• [Problem] Within the listing below, give again exactly the lines between the one containing "Pretty much the" and the one containing "Another example is", inclusive, pictures left aside.

• [Exercise data]
+---+

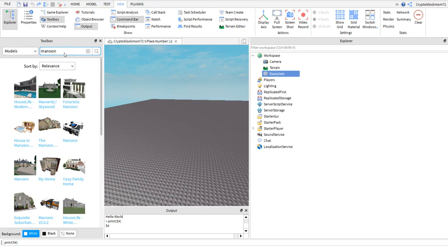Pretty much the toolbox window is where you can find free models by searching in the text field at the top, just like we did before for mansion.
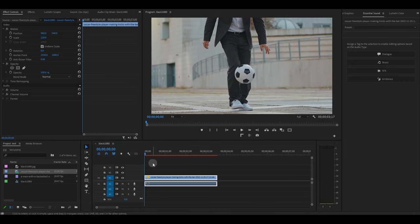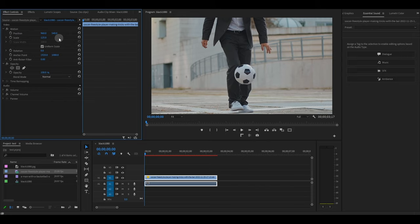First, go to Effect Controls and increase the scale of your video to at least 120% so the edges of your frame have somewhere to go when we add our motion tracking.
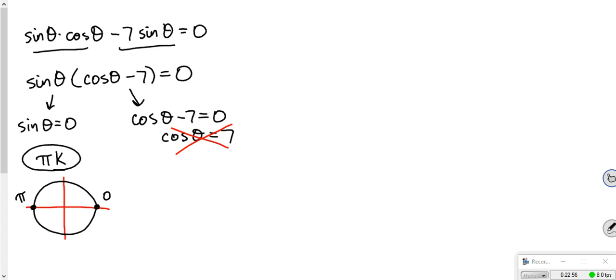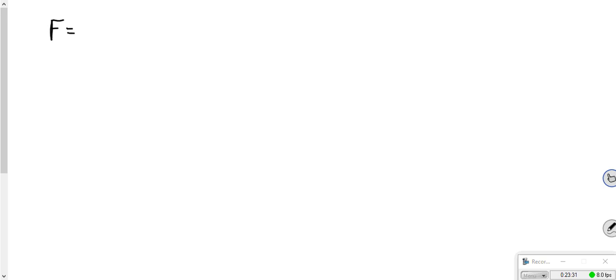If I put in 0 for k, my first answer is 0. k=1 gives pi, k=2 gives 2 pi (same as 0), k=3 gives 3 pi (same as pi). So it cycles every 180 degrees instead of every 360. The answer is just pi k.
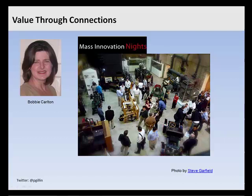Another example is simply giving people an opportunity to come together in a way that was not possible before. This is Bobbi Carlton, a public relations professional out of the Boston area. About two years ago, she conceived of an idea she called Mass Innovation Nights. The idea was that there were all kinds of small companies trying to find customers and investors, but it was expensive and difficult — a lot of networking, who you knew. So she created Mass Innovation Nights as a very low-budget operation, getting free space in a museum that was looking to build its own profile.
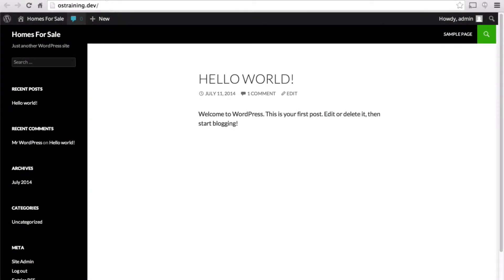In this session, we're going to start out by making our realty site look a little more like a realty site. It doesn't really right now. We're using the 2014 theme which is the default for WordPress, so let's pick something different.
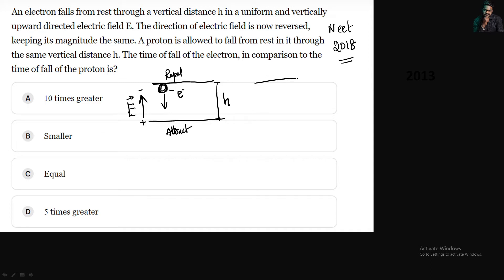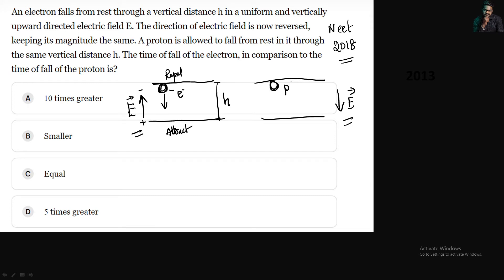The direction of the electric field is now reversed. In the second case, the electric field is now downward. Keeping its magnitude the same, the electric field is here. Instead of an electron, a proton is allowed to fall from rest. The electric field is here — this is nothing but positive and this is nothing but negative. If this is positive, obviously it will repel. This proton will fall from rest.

+---+

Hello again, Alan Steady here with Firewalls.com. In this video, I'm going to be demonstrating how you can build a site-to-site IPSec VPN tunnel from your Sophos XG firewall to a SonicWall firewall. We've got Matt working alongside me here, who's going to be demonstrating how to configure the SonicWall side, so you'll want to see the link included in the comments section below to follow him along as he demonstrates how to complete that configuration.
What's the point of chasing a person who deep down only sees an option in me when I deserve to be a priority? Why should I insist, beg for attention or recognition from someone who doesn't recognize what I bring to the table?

+---+

• [Response area]
Pretty much the toolbox window is where you can find free models by searching in the text field at the top, just like we did before for mansion.
First, go to Effect Controls and increase the scale of your video to at least 120% so the edges of your frame have somewhere to go when we add our motion tracking.
If I put in 0 for k, my first answer is 0. k=1 gives pi, k=2 gives 2 pi (same as 0), k=3 gives 3 pi (same as pi). So it cycles every 180 degrees instead of every 360. The answer is just pi k.
Another example is simply giving people an opportunity to come together in a way that was not possible before. This is Bobbi Carlton, a public relations professional out of the Boston area. About two years ago, she conceived of an idea she called Mass Innovation Nights. The idea was that there were all kinds of small companies trying to find customers and investors, but it was expensive and difficult — a lot of networking, who you knew. So she created Mass Innovation Nights as a very low-budget operation, getting free space in a museum that was looking to build its own profile.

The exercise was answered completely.